Мужчина своим весом вмял меня в подушки, а легкое прикосновение превратилось в огненный вал. Губы терзали поцелуем, то покусывая, то касаясь языком, притом настолько властно и откровенно, что в теле вспыхивали искры, а внизу живота появилось странное томление.
Я цеплялась за широкие плечи Мастера и понимала, что раньше он еще никогда не целовал меня… вот так. Не скрывая своего желания, своей жажды и каждым прикосновением обещая мне… обещая, обещая, обещая… Пойти со мной дальше и сгоришь. Но возродишься уже иной.
– А еще ты красивая, – от бархатных интонаций его чуть хриплого голоса я невольно сжала бедра. – Очень красивая… кожа, веснушки, уши твои длинные. Как же мне хочется их касаться. И смотреть как ты реагируешь, как вздрагиваешь и глаза туманятся.
– Лель… – тихо охнула я, ощутив, что губы мужчины коснулись предмета обсуждений. Язык влажно коснулся мочки, провел по краю до кончика, а после зубы легонько его прикусили. Я выгнулась и застонала, впиваясь ногтями в торс Мастера.
– А тело… шея… – поцелуи спустились на подбородок и последовали ниже. – ключицы и о да, стихии дайте мне самообладания, грудь. Как устоять?
Контакт кожа к коже прекратился как только Хин наткнулся на воротник моей туники, но он не растерялся и двинулся ниже. Из-за тонкой ткани я чувствовала все не хуже, но сам факт… хотелось большего. И одновременно было страшно, особенно когда Лель выпрямился, садясь и после сжал обе руки на полушариях, которые отлично ложись в его ладони.
Я испуганно распахнула глаза и сжала запястья Мастера, пытаясь оторвать его от тела, но он только покачал головой… и сжал пальцами уже напрягшиеся вершинки под туникой. Мой стон прозвучал в тишине комнаты, а спина невольно изогнулась, подставляя грудь под прикосновения.

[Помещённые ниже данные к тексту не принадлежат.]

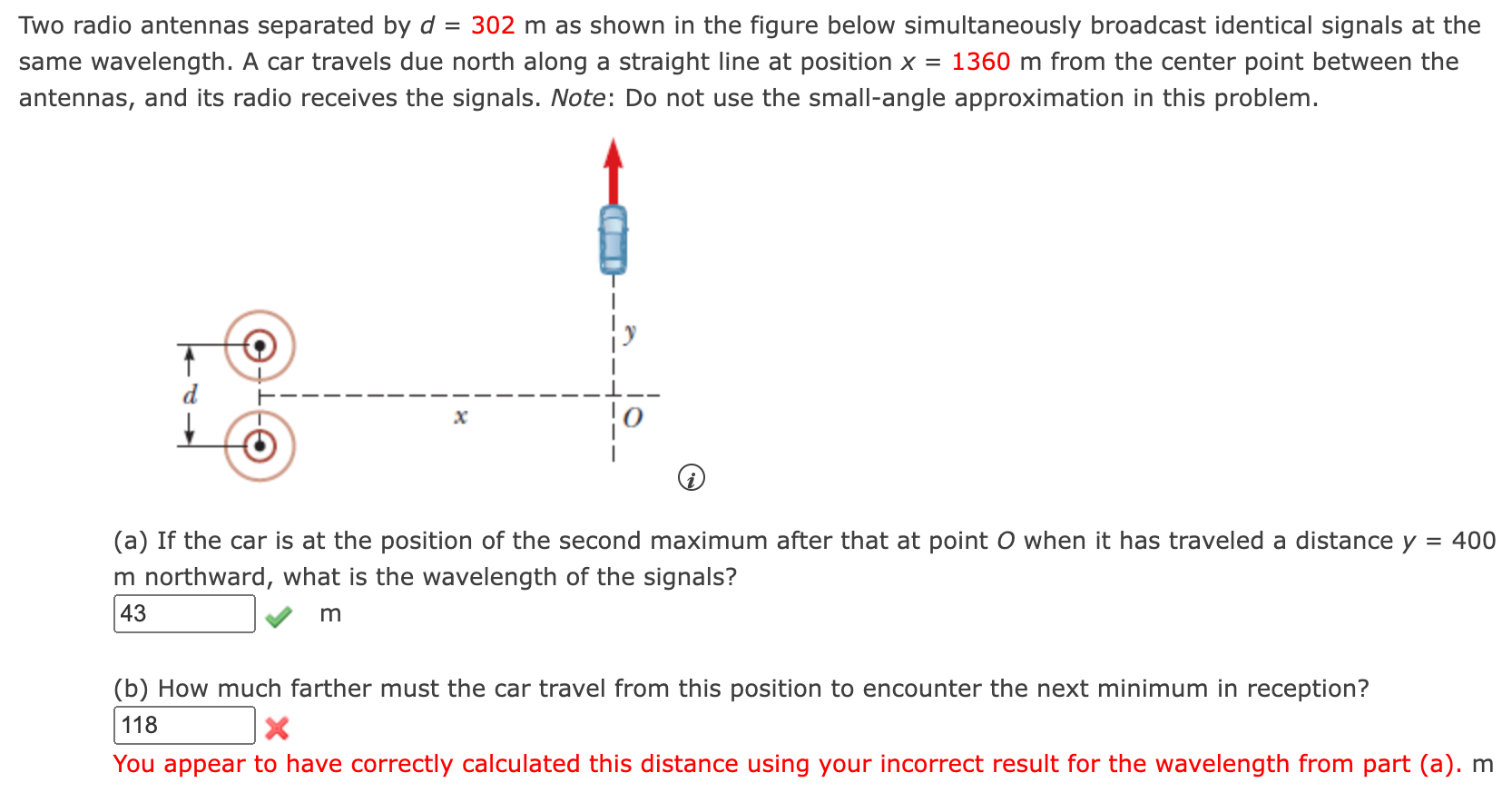 Solved Two radio antennas separated by d=302 m as shown in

Лель наклонился и укусил меня за один из сосков, а после выпрямился и обжег совсем обезумевшим взглядом. Убрал ладони, но лишь для того, чтобы взяться за подол и… рывком разорвать его до горла.
– Что ты… Лель, перестань!
Я испугалась, действительно испугалась. Это было нечто древнее и глубинное, что заставило забиться под сильным телом, прижать руки к груди, лихорадочно сводя края одежды и попытаться отползти подальше.

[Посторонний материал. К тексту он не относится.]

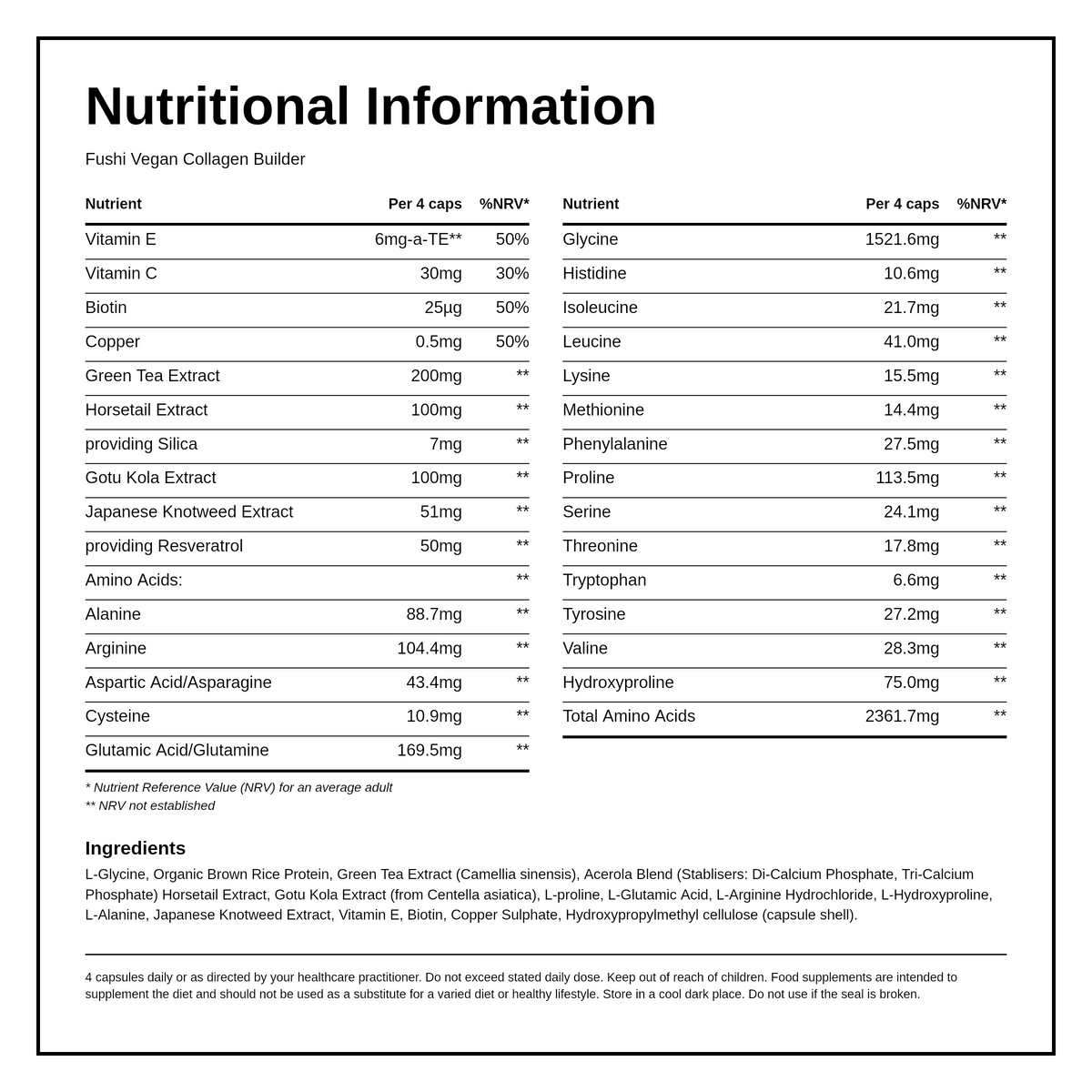 Fushi Wellbeing Vegan Collagen Builder 120 Capsules — nutrition information panel, generated from the pack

– Ш-ш-ш… – он снова наклонился и обнял меня, успокаивающе поглаживая по плечам. – Прости, маленькая… я привык к другому, а тебя желаю настолько сильно и давно, что полностью отказывают мозги. Я хочу тебя… по разному. И нежно и жестко, и медленно и быстро, лишь прижав к стене и задрав юбки. И я столько раз представлял это, что сейчас я путаю реальность с мечтой. Все хорошо, я тебя не трону.

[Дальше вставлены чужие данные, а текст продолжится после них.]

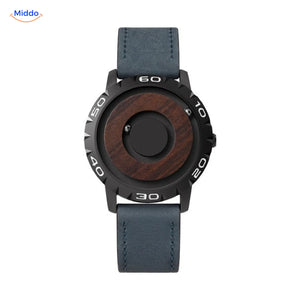 Montre Magnétique à cadran en bois avec bracelet en cuir bleu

Я дрожала. И не верила. Очень сложно верить, когда к голому животу прижимается холодная пряжка ремня на штанах. И она уже расстегнута! Когда только успел…
– Отпусти пожалуйста.
Он отпустил. Но лишь для того, чтобы завернуть меня в покрывало, положить на бок и крепко обнять со спины.
– Родная, я бы все равно ничего не сделал, – вкрадчивый голос на ухо и нежные, ласковые поцелуи, которые сейчас вовсе не были страстными.
– Сам-то веришь? – чуть ворчливо спросила я и повозилась, устраиваясь поудобнее.
– Верю, – как-то очень уверенно ответил Лель и со вздохом предложил. – Ну хочешь мы меня оштрафуем?